It had been hoped that the latest version would be considered sufficiently advanced to move from the hands of a working group of more than 400 stakeholders and up to committee level.

However, delegates at the four-day fifth plenary meeting of the ISO Working Group on Social Responsibility decided that more work was needed before the current draft could go to committee.

The next opportunity to advance the draft standard will not be until the sixth plenary, scheduled for September in Santiago, Chile. As a result, the planned late-2009 launch of ISO 26000, as it will be known, will have to be put back until 2010 at the earliest. A social responsibility standard was first proposed within ISO in 2001.

In the meantime, however, the members of the working group have agreed that responsibility for producing a fourth working draft should be assumed by a new, and smaller, Integrated Drafting Task Force. In effect a staging post between the working group and the committee, the task force will stitch together and streamline the various parts of the draft standard that have been drawn up separately by six sub-groups.

Jorge Cajazeira, chair of the main working group, said the creation of the task force, which will have about 20 members, marked the end of a process under which parts of the standard have been drafted 'in silos'. He claimed its formation was 'a strong sign of the growing consensus among the different stakeholder groups involved'.

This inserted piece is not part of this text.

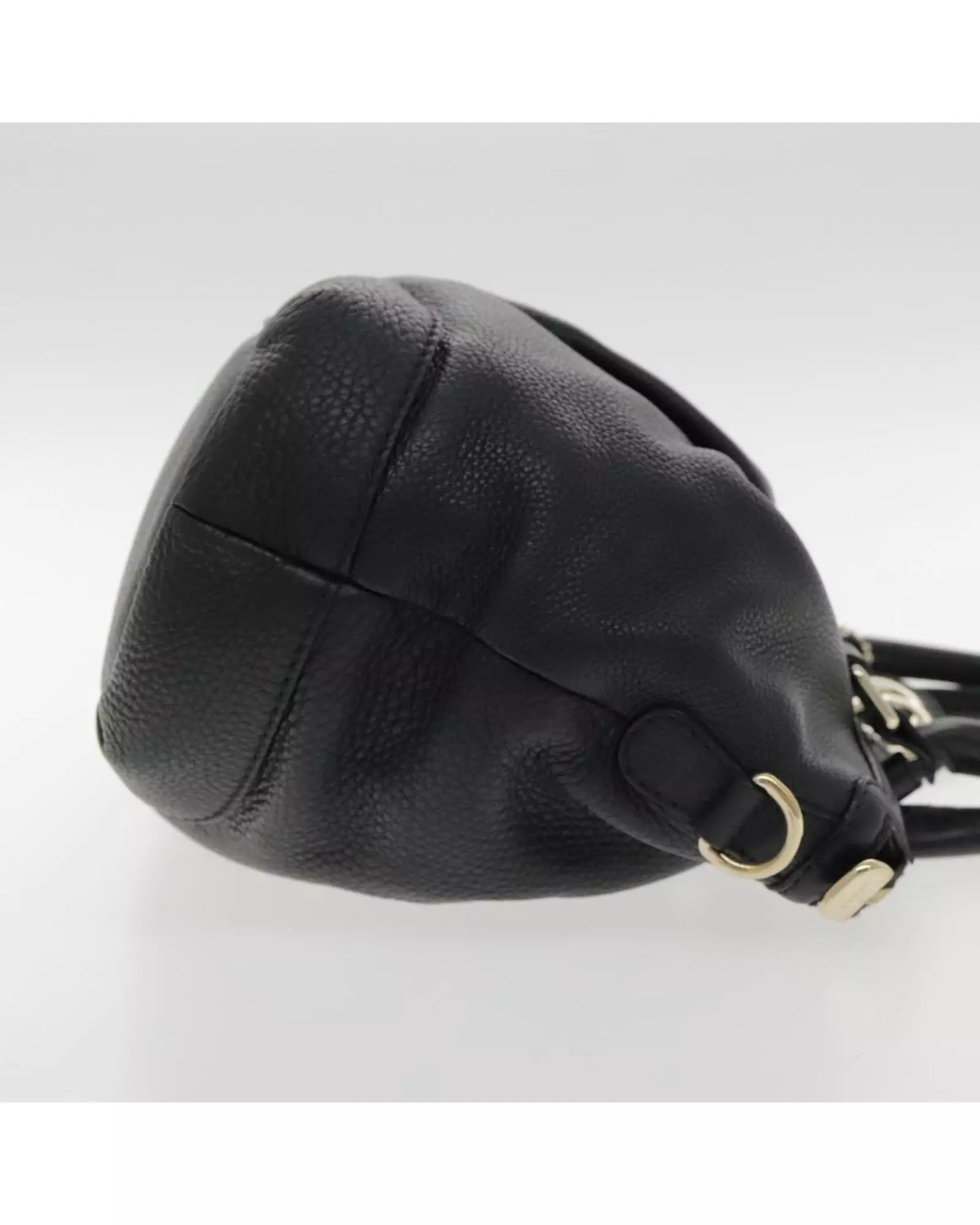 Preloved Black Leather Satchel Handbag Women alternative image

Swift progress on drawing up the standard has been hindered by the size of the working group, which is made up of representatives from business, non-governmental organizations, unions, governments and consumer groups from more than 70 countries.

The ISO created such a structure to ensure that the standard will reflect the full range of views, including those from interested parties in developing countries.

But one senior source involved in the process told EP that the inevitable outcome was an inability to move quickly. 'Many of us in Vienna - perhaps about 60 per cent - were keen to move to the committee draft, but there wasn't an overall consensus,' he said.

'In the end, it's the people who have the voice, and not the chairs of the various groups, who wanted to move on. This is the largest and most complex project the ISO has ever undertaken, and the way it is set up means there is nothing you can do about it. You can't really set a final date when you let the participants decide, so that I'm afraid it will take as long as it takes.'

Work started on drafting the document in 2004. It is being developed as a 'guidance standard' rather than a full-blown certification standard, and will only set out principles and offer advice to organizations wishing to use it.

ISO standards establish best practice in various fields, from specifications for vacuum cleaners to the layout of offices. They are created and overseen by the International Organization for Standardization, a federation of national standards bodies from 158 countries, but their use is entirely voluntary.